Pourquoi un défaut minuscule dans le LHC peut tout bloquer alors que la machine fonctionne dans un froid extrême
Sous la frontière franco-suisse, le Grand collisionneur de hadrons s’étend sur 27 kilomètres. Cette machine accélère des particules à très haute énergie. Pourtant, ses points faibles restent minuscules. Dans ses lignes de faisceau, une légère déformation suffit parfois à perturber des expériences complexes et très coûteuses.

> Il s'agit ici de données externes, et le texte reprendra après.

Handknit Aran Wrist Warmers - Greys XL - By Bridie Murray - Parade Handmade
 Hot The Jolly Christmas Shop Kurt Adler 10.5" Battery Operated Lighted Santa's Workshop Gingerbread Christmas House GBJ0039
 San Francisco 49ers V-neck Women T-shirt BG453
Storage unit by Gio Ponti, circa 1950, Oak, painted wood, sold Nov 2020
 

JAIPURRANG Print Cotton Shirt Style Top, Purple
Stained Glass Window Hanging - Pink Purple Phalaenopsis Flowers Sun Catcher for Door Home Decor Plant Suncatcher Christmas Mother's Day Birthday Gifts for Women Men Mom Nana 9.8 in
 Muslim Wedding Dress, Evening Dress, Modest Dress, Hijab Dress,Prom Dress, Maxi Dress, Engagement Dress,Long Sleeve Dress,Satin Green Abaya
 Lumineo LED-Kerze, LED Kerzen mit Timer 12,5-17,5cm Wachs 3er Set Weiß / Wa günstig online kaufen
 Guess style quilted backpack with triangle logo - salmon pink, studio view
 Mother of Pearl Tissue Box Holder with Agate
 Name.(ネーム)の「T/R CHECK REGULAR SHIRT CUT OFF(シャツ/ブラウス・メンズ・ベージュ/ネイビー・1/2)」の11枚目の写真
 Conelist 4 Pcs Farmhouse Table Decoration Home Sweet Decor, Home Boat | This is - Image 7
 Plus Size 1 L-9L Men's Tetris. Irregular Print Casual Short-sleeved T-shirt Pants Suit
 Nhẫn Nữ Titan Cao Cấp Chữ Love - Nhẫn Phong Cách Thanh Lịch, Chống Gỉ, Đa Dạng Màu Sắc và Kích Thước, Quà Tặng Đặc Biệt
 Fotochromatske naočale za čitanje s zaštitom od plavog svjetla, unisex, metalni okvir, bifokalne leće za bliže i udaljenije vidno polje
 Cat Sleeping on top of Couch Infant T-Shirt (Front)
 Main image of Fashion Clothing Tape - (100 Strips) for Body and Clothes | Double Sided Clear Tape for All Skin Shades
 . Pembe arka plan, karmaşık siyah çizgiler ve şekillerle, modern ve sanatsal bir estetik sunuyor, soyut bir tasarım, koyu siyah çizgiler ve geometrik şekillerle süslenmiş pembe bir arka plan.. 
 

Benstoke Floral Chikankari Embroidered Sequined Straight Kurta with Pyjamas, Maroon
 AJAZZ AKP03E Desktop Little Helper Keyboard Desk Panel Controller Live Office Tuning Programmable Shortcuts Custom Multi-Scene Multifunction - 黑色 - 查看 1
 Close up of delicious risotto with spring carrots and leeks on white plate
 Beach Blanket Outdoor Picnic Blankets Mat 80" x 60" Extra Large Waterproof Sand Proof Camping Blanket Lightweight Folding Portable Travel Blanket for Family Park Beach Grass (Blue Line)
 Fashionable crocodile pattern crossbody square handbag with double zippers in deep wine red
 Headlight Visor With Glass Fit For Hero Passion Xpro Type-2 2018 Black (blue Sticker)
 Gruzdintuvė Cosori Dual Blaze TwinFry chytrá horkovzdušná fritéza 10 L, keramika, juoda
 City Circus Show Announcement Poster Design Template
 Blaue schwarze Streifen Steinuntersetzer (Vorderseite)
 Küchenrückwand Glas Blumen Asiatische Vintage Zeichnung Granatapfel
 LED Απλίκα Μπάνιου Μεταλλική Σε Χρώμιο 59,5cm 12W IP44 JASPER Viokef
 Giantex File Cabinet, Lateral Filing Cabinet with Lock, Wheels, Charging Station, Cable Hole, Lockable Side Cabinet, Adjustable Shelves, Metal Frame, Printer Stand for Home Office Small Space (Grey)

Le problème vient notamment des quelque 2 000 modules PIM installés dans le faisceau. Ces éléments absorbent les effets de la dilatation thermique. Or, à 1,9 kelvin, soit -271,3 °C, certains contacts internes se tordent parfois. Ils créent alors des obstacles invisibles.
PipeINEER avance là où l’humain renonçait jusque-là, et ses 6 kilomètres d’autonomie changent l’échelle
Pour contrôler ces zones, les équipes devaient jusqu’ici démonter des sections entières et utiliser un endoscope manuel. Cette méthode demandait du temps, des moyens et une précision extrême. Avec PipeINEER, le CERN veut désormais inspecter l’intérieur sans ouvrir inutilement une infrastructure aussi sensible.
Le robot mesure seulement 20 centimètres de long. Surtout, il peut circuler dans un passage de 3,7 centimètres de côté. Ce format très compact lui permet d’entrer dans des conduites inaccessibles aux solutions classiques. Ainsi, le risque de blocage reste limité au cœur du système.
Autre avancée importante, sa batterie lui offre jusqu’à 6 kilomètres par charge. Dans un espace aussi étroit, cette portée change tout. Elle permet de couvrir de longues portions du LHC pendant une seule mission. La consommation baisse aussi, et la logistique s’allège nettement.
L’intelligence embarquée repère les anomalies en direct, puis revient seule si un défaut critique apparaît
PipeINEER ne sert pas seulement à rouler. En avançant, il capture des images détaillées de chaque module. Ensuite, une IA entraînée sur des vues réelles du LHC compare les scènes observées à des défauts connus. Elle peut ainsi signaler très tôt une anomalie millimétrique potentiellement critique.
Cette autonomie améliore aussi la sécurité. Si le robot détecte un problème majeur, ou si ses propres performances chutent, il fait demi-tour seul. Il transmet alors une localisation précise du défaut. Les ingénieurs peuvent donc viser la bonne zone, sans immobiliser des sections entières.
Tests sur 60 kilomètres en 2026, fabrication fin d’année puis formation au CERN dès les premiers mois de 2027
Le projet réunit le CERN et le centre RACE de l’UKAEA, spécialiste des environnements difficiles. Cette coopération a déjà reçu une distinction au prix Collaborate to Innovate. Elle illustre surtout un transfert concret de savoir-faire entre fusion nucléaire et recherche fondamentale sur les particules.
La prochaine étape arrive en 2026. Les équipes doivent tester les performances du robot sur 60 kilomètres d’opération cumulés. Ensuite, les unités finales doivent être fabriquées en fin d’année. Ce calendrier marque le passage d’un prototype prometteur à un outil de maintenance crédible.
Au début de 2027, les opérateurs du CERN doivent apprendre à déployer ces robots dans le tunnel. L’enjeu dépasse la simple inspection. En réduisant démontages, coûts et exposition humaine, cette maintenance plus ciblée pourrait prolonger la disponibilité du LHC. Elle sécuriserait aussi davantage les interventions.